Give back the entries that follow exactly as written. Any picture gets left out.

#### [Data records]
+++++

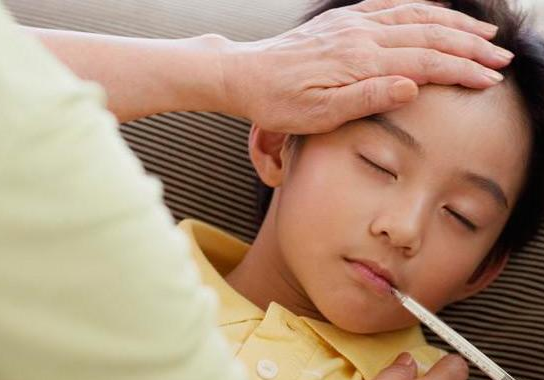 中暑初期癥狀跟新冠肺炎相似,它們各是怎樣的癥狀?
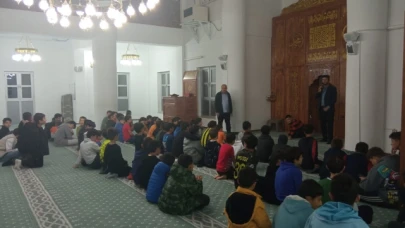 Minik Eller Gazze'ye Dua İçin Açıldı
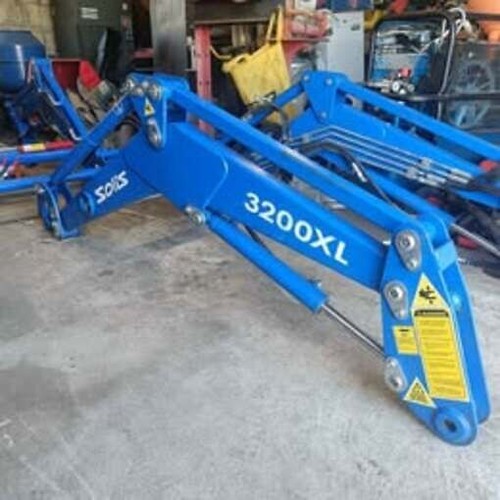 Solis tractor front - front, loader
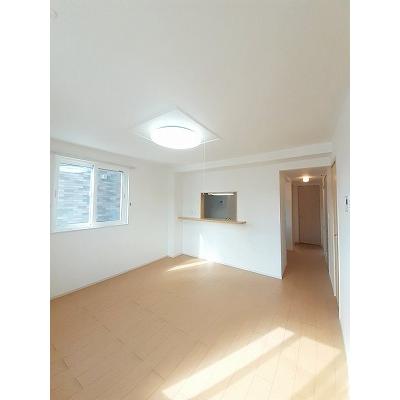 アプローズ 101【管理NO：1-017191301-01010】 ★家具家電は申し込み後に搬入します 2026年08月下旬入居可能の物件画像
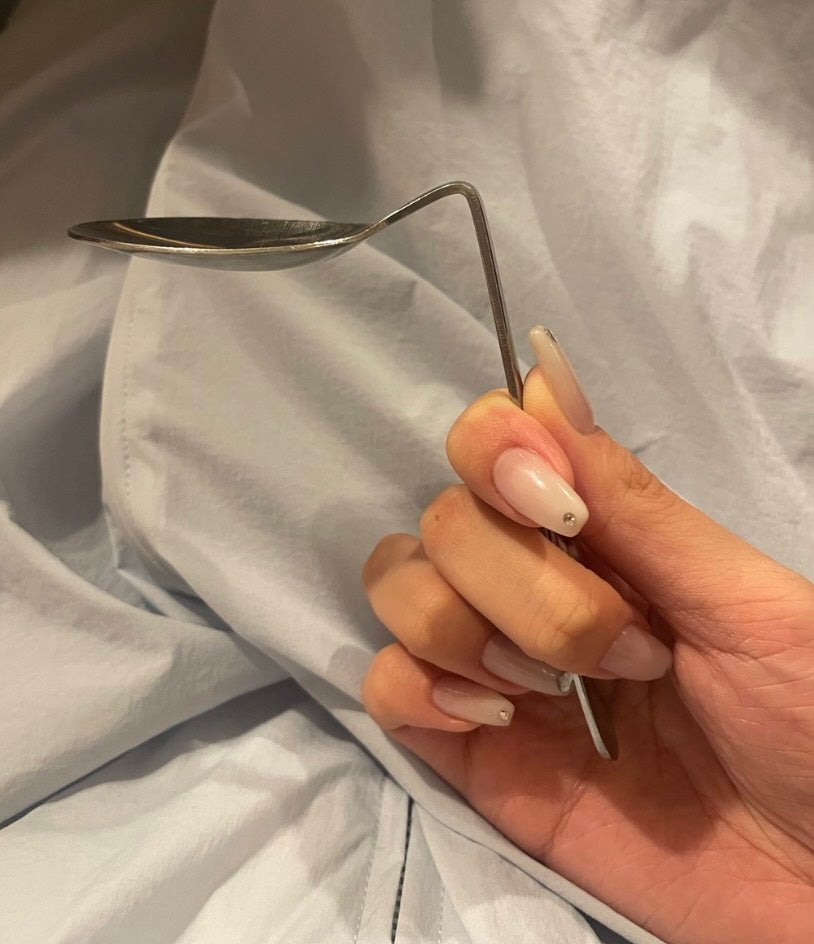 アイドルがスプーン曲げを披露！はじめて！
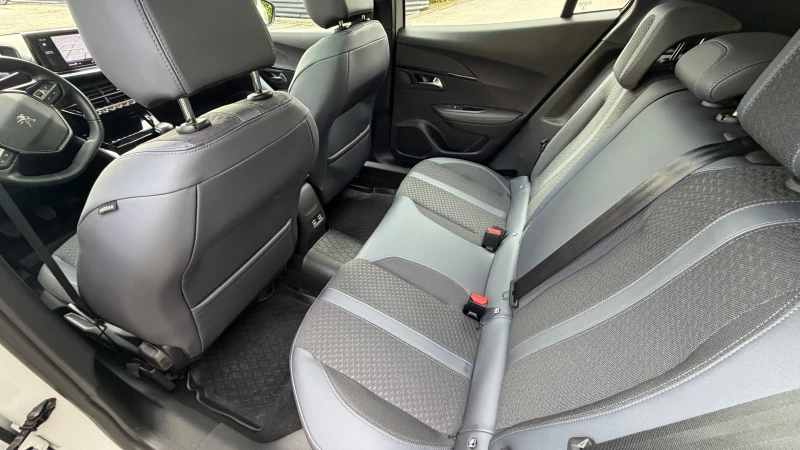 Peugeot 2008 ALLURE 22.000km, снимка 14 - Автомобили и джипове - 53237467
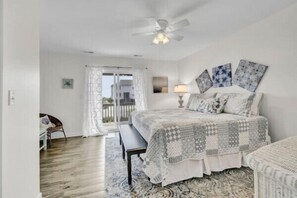 3 makuuhuonetta, työpöytä, silitysrauta/-lauta, vauvan matkasänky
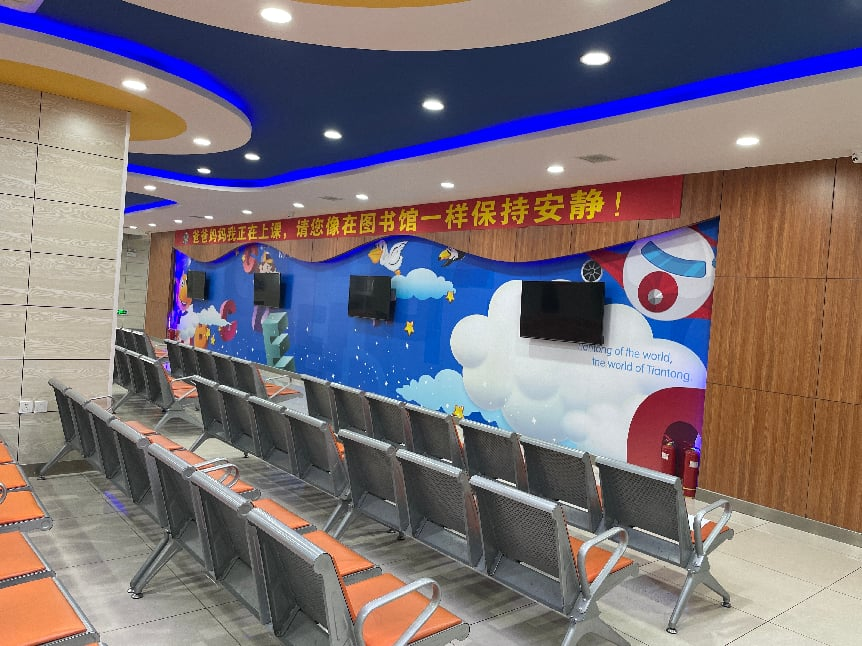 青岛天童教育：英语启蒙，别给孩子设“英语时间”(图1)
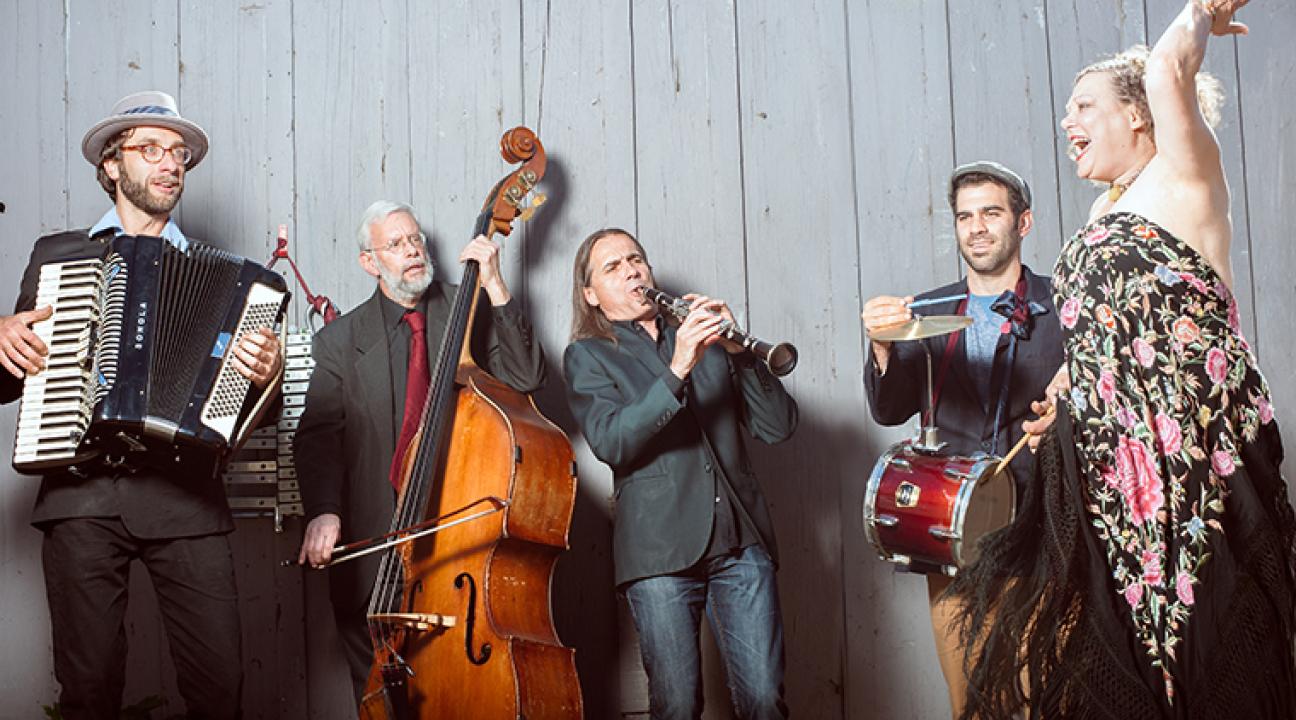 Klezmer band the Gonifs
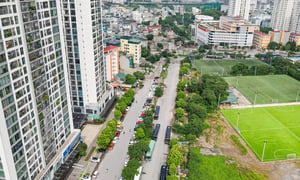 Đường hơn 1km ở Hà Nội dang dở gần 10 năm, dân sống mòn mỏi trong vùng quy hoạch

+++++

#### [Answer below]
 中暑初期癥狀跟新冠肺炎相似,它們各是怎樣的癥狀?
 Minik Eller Gazze'ye Dua İçin Açıldı
 Solis tractor front - front, loader
 アプローズ 101【管理NO：1-017191301-01010】 ★家具家電は申し込み後に搬入します 2026年08月下旬入居可能の物件画像
 アイドルがスプーン曲げを披露！はじめて！
 Peugeot 2008 ALLURE 22.000km, снимка 14 - Автомобили и джипове - 53237467
 3 makuuhuonetta, työpöytä, silitysrauta/-lauta, vauvan matkasänky
 青岛天童教育：英语启蒙，别给孩子设“英语时间”(图1)
 Klezmer band the Gonifs
 Đường hơn 1km ở Hà Nội dang dở gần 10 năm, dân sống mòn mỏi trong vùng quy hoạch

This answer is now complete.